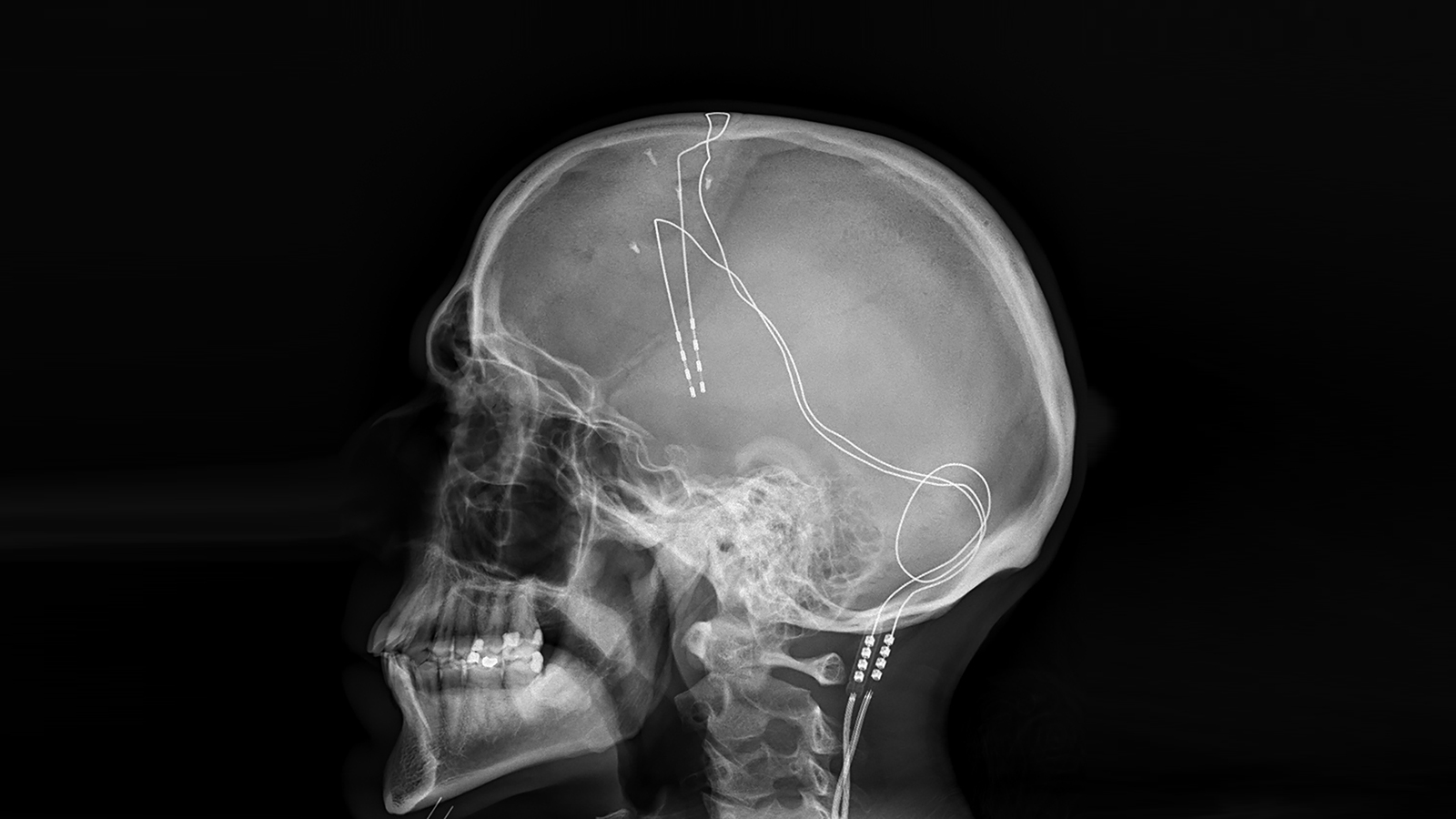 deep brain stimulator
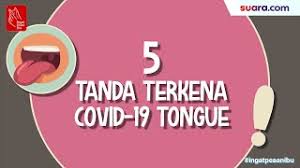 Sehingga kini pihak perubatan masih bertungkus lumus mencari penawar dan vaksin bagi menghentikan dengan kadar segera virus penyakit ini kerana telah melumpuhkan keseluruhan. Videografis 5 Tanda Anda Terkena Covid 19 Tongue Youtube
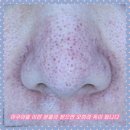 세종의료기 | 세종시아쿠아필 이런 분들이 받으면 오히려 독이 됩니다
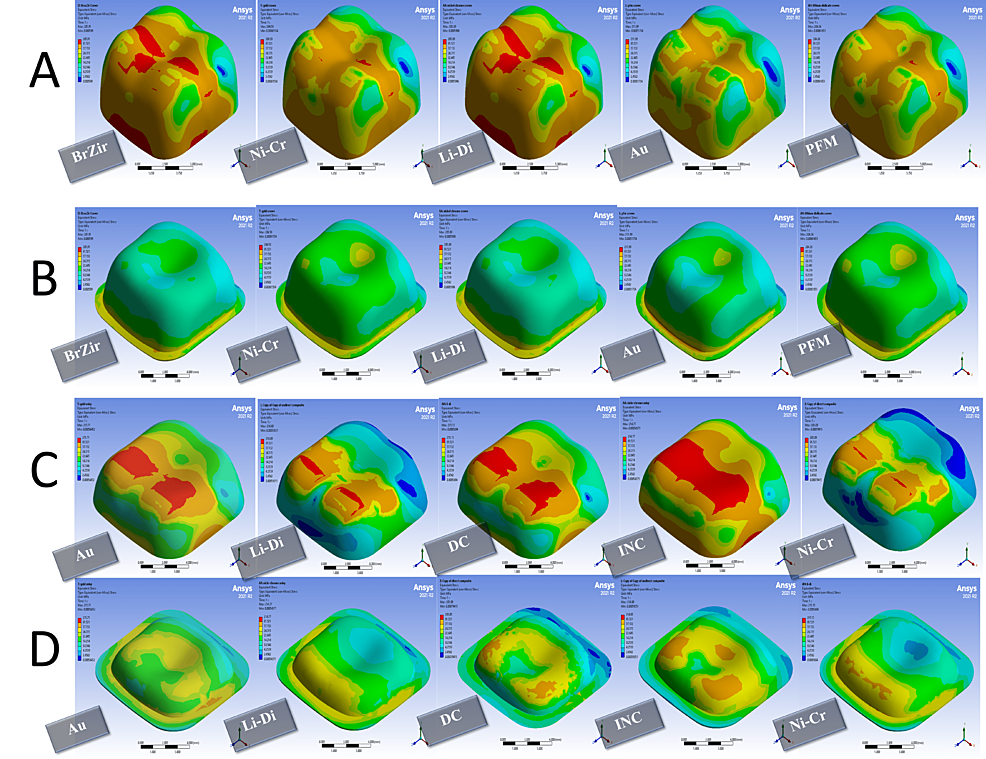 Stress-distribution-in-1000-N-vertical-forces-with-600-N-oblique-forces:-(A)-full-crown-restorations,-(B)-full-crown-luting-cement,-(C)-onlays-restorations,-and-(D)-onlays-luting-cement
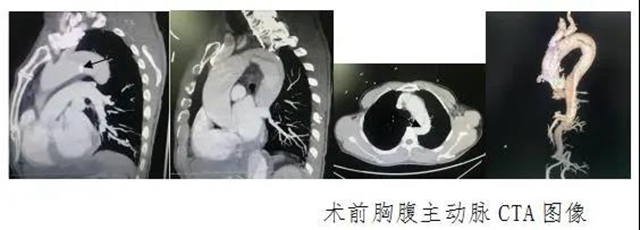 泸州市人民医院首次独立成功完成复杂胸腹主动脉夹层血管腔内修复术(图2)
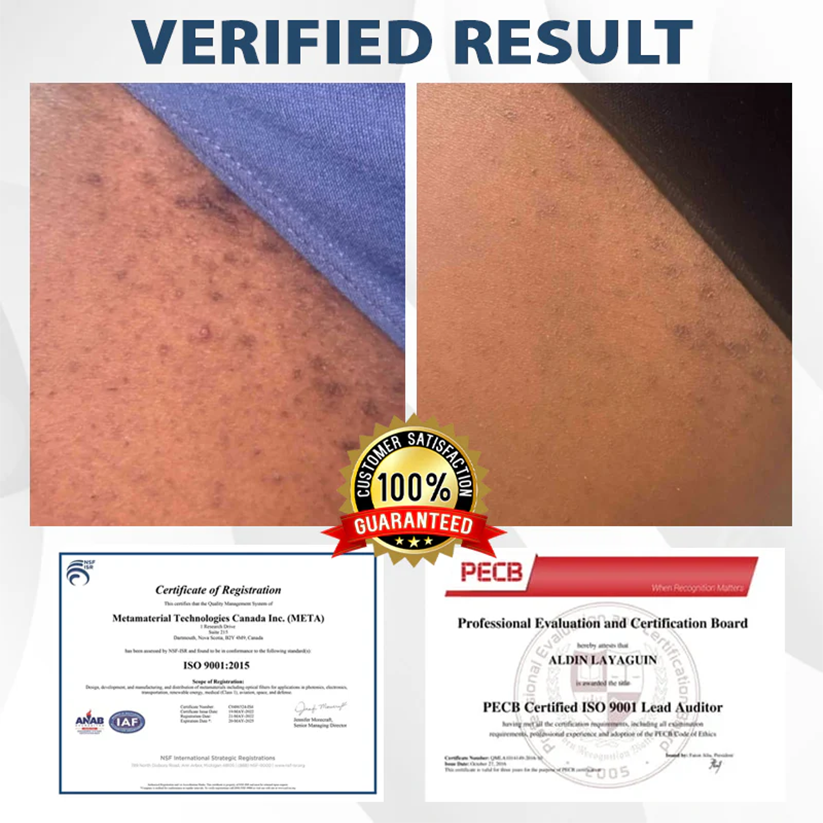 ManGuard HPV WART Healing Cream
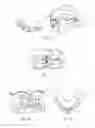 Fig. 05 - Method and system for the construction of a dental prosthesis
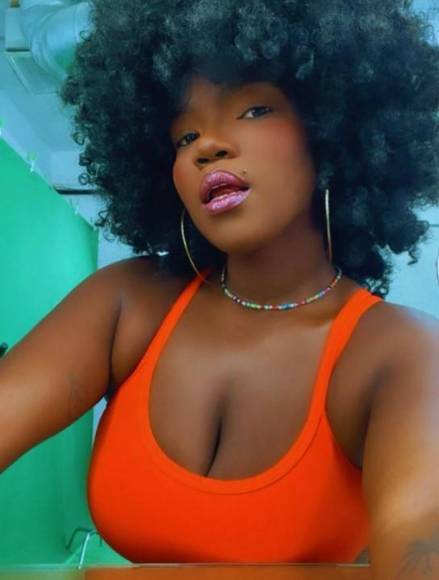 El increíble cambio físico de la Chiky Bombom tras someterse a bypass gástrico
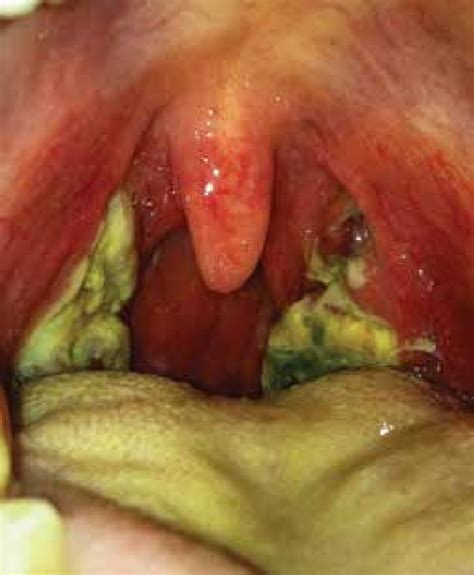 Figure Gas Pharyngitis What Youll See Download Scientific Diagram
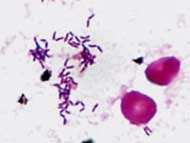Inclusiones citoplasmáticas Gránulos metacromáticos (volutina) Corynebacterium sp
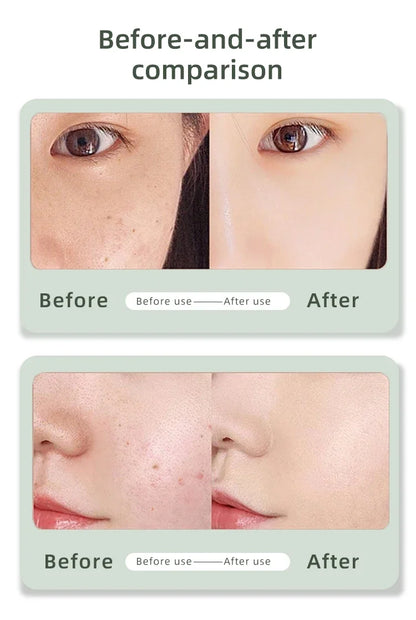 Portable 2 In 1 Plasma Ozone For Acne Beauty Plasma Laser Pen For Eye Lift Wrinkle Removal spot Removal Pen mole Remover Pen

• • • • • • •

Copy the entries above exactly from the line with "El increíble cambio" down to their last line, both ends included. Do not copy any pictures.

▶ **Problem solution**
 El increíble cambio físico de la Chiky Bombom tras someterse a bypass gástrico
 Figure Gas Pharyngitis What Youll See Download Scientific Diagram
Inclusiones citoplasmáticas Gránulos metacromáticos (volutina) Corynebacterium sp
 Portable 2 In 1 Plasma Ozone For Acne Beauty Plasma Laser Pen For Eye Lift Wrinkle Removal spot Removal Pen mole Remover Pen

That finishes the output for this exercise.